August 14, 2018

The Day Obby Khan Became a Winnipegger

Winnipeg Bombers Jermese Jones (57), Obby Khan (60), celebrate Andrae Thurman's (9) touchdown in first quarter CFL action in Winnipeg, Friday, Aug 4, 2006. (CP PHOTO/ John Woods)

Obby Khan had absolutely no say in the matter. None. Zilch.

The Ottawa Renegades – his hometown team and the franchise which had made him a first-round pick in 2004 – were folding, with their players to be made available to the rest of the Canadian Football League in a dispersal draft.

The draft’s date was April 12th, 2006 and, in many ways, it was not only career-changing for Khan, but life-changing. Khan heard his name called second overall by the Winnipeg Blue Bombers in that dispersal draft, right after the Saskatchewan Roughriders had plucked quarterback Kerry Joseph with the first pick.

Winnipeg Blue Bombers' Ibrahim Khan (60) smiles to the crowd as he leaves the field after the Winnipeg Blue Bombers 25-20 win over the BC Lions afer fourth quarter CFL action on in Winnipeg on Thursday, July 28, 2011. (CFL PHOTO - MARIANNE HELM)

Here we are 12 years later and Khan not only established himself as a solid contributor to the Bombers offensive line for the better part of six seasons, but he also put down some firm roots in Winnipeg as a high-profile businessman in this city.

And so, who better to represent the Blue Bombers in their annual Diversity game than Khan, a Muslim of Pakistani descent, born in Ottawa, schooled at Simon Fraser University in British Columbia, and a proud Canadian and Winnipegger.

“I remember I was with my family shopping and we were at Old Navy when we got the call I had been drafted by Winnipeg,” recalled Khan when interviewed by back on the 12th anniversary of the Renegades dispersal draft. “I didn’t know anything about Winnipeg. It would have been cool to go to Vancouver because I went to SFU, but I was super pumped to be going to a football town. I always thought if I was going to build a career for myself after football this was the perfect spot to do it.

“I loved playing in Winnipeg and being in the community helped me build my post-playing-days career.
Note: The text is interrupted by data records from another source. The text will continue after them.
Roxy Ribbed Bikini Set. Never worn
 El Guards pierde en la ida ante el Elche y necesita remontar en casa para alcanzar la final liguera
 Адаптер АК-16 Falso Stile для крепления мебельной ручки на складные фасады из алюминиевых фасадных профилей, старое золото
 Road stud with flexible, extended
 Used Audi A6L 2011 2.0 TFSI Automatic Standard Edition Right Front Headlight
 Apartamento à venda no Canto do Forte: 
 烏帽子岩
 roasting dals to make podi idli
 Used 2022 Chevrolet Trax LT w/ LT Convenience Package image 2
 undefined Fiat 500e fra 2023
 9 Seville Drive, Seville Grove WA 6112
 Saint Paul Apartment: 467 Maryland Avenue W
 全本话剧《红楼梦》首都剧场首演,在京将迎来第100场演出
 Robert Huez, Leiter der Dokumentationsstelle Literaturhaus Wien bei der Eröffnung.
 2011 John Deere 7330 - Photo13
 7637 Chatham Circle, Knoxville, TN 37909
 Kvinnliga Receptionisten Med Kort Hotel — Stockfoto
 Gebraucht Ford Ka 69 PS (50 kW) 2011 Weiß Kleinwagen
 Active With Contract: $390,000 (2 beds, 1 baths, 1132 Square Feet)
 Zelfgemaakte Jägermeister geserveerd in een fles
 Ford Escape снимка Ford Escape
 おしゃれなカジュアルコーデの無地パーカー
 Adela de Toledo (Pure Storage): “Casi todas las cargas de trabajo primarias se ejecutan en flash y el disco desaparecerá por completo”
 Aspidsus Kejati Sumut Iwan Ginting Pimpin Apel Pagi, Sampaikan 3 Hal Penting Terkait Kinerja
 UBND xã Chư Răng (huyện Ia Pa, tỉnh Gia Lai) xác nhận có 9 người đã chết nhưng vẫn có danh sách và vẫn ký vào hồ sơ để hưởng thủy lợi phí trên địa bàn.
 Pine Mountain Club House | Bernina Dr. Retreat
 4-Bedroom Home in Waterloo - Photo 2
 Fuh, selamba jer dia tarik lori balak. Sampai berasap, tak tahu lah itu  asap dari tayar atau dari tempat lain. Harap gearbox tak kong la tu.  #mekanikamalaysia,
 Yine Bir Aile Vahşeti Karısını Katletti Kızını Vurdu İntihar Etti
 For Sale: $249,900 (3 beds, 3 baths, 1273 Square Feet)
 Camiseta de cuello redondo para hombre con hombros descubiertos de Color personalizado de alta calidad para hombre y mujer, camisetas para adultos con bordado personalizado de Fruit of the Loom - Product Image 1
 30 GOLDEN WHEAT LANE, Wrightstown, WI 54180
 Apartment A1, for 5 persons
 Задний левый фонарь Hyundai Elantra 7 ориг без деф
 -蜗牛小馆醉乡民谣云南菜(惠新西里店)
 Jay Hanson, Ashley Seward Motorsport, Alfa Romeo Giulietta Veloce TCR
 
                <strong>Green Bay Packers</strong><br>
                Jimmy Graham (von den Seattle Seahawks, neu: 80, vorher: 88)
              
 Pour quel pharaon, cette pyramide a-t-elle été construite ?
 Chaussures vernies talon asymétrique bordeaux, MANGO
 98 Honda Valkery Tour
It helped being a Bomber and being the only 6-4 300-pound East Indian guy with a beard walking around.”

Just as a refresher, the Renegades were born in 2002, bringing the CFL back to the nation’s capital for the first time since 1996. But after losing almost $4 million in 2005 and faced with the prospect of losing up to $6 million in 2006, the Renegades suspended operations.

Obby Khan

Obby Khan at the Shawarma Khan stand at Investors Group Field.

“I remember sitting in (owner) Lonie Glieberman’s office after the 2005 season had ended and they wanted to sign me to a five-year extension for a pretty good amount of money,” recalled Khan. “We all knew what was happening… there were rumours the team was folding. They fired (head coach) Joe Paopao before the last game. I didn’t want to have an expensive long-term contract in case another team wanted to pick me up.

“And so I said, ‘With all due respect, sir, with so much uncertainty about the franchise in the air I want to test the free agency market.’ Lonie got so pissed off at me. He lost it. He said, in a nutshell, that if I didn’t want to sign there they didn’t want me there and they were taking back the offer.

“It’s funny how things work sometimes. I was a high pick for the Renegades. (No. 2 overall in 2004 CFL Draft). I’m an Ottawa guy and I certainly didn’t know I was going to go so high in the (dispersal) draft. And now Winnipeg’s my hometown.”

Khan is now owner of five businesses – two Shawarma Khan restaurants and three Green Carrot Juice Company locations – and has a young son, Sufi. He’s ecstatic football is back in Ottawa – ‘same city, same population… it just goes to show you what a good ownership group can do’ – but also looks back at that fateful day years ago as life changing.

He played here. Put down roots here. Was diagnosed and fought through colitis to return to the game here. And he has no plans on leaving.

“I’m so grateful now when I look back at that dispersal draft,” he said. “It gave me an opportunity. I love this city. During my playing years, when I was sick, when I recovered and came back and now into retirement, this city still recognizes and supports me. I would not have had anything like that in any other city in Canada. Guaranteed.”